Prepare a soft dough using curd, baking powder, and baking soda as leavening agents. → Lightly sauté the vegetable toppings and prepare a thick tomato-based pizza sauce. → Roll the dough, prick it with a fork, and partially cook one side on a tawa. → Flip the base, spread sauce, add cheese and toppings, then cover and cook. → Cook on low flame until the cheese melts and the crust is crispy.
A delicious and quick homemade pizza recipe made on a flat pan (tawa) without using an oven or yeast. It features a soft, chemically-leavened crust and a flavorful homemade instant pizza sauce.
In a mixing bowl, combine all-purpose flour, wheat flour, baking powder, baking soda, salt, oil, and curd. Gradually add water and knead for 5-6 minutes into a very soft, non-sticky dough. Set aside for an hour.
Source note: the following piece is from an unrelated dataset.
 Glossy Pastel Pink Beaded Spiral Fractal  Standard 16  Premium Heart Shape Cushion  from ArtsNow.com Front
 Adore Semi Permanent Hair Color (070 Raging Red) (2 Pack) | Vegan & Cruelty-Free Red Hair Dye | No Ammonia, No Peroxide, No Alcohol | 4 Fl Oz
Heat olive oil in a pan. Sauté sliced onions, capsicum, mushrooms, and tomatoes with salt, chilli flakes, and oregano until lightly cooked but still crunchy. Refrigerate these toppings.
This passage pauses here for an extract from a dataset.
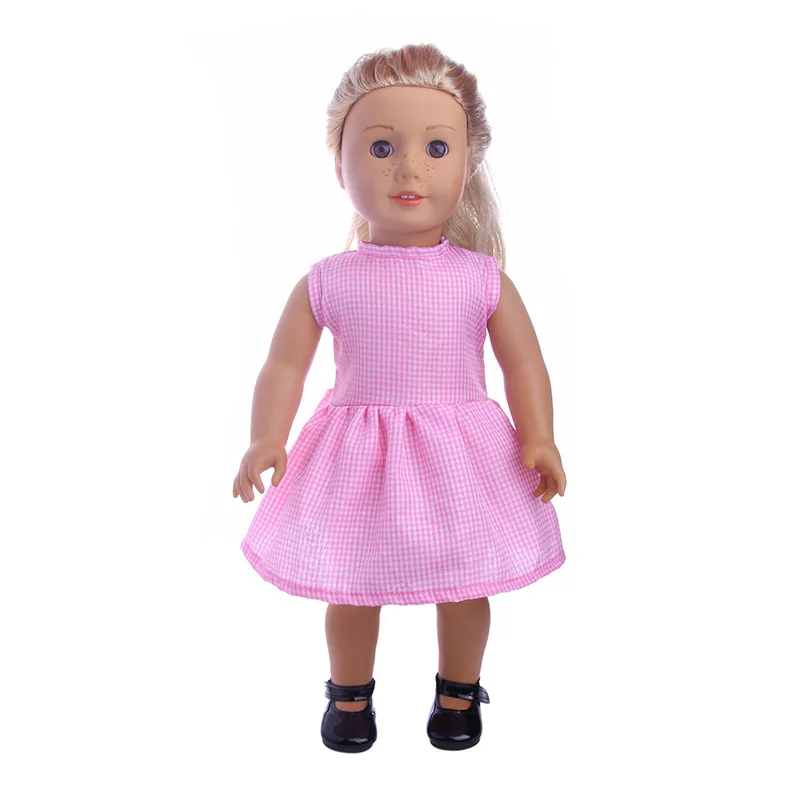 

Classic Pink Lattice Dress Suit Outfit Set Clothes for 18" American Girl BJD 43cm Reborn Baby Pajamas Doll Accessories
In the same pan, heat oil and sauté chopped garlic and onion. Add tomato puree, sugar, vinegar, and salt. Stir in oregano and chilli flakes, cooking until most of the water evaporates to create a thick sauce.
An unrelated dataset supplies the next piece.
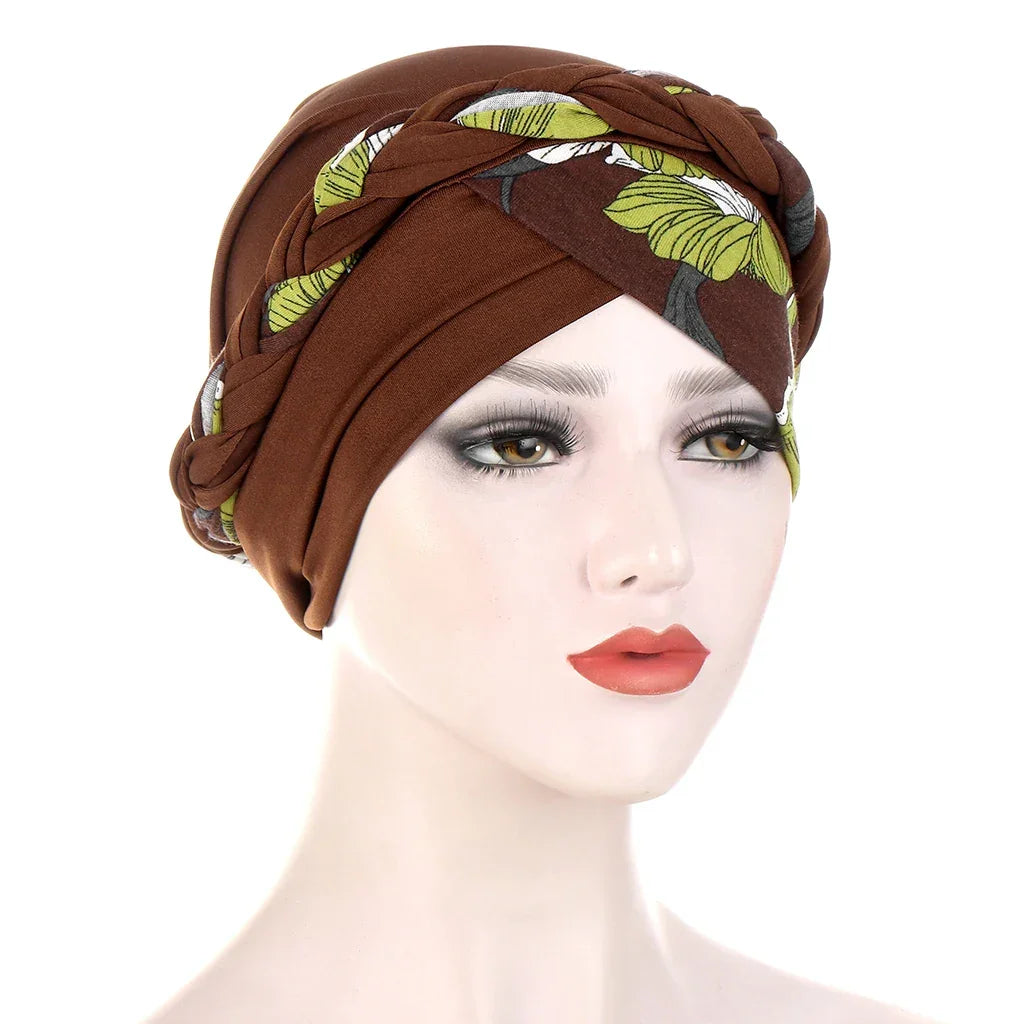 Print Cotton Scarf Inner Hijab Turban Cap Headwear - Palm and Thread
Divide the dough into portions. Roll out a portion slightly thicker than a chapati. Prick the entire surface with a fork to prevent it from puffing up.
Place the base on a preheated tawa. Cook one side on low flame until lightly golden, then flip it over.
Use a mix of all-purpose and wheat flour for a better crust texture.
Pricking the dough with a fork is crucial to prevent it from rising like a flatbread (roti).
Pre-sautéing vegetables ensures they are cooked through since the tawa method has no top-down heat like an oven.
Always cook on low flame to ensure the base gets crispy without burning before the cheese melts.
The dough should be 'runny' or very soft to ensure it can be spread easily by hand.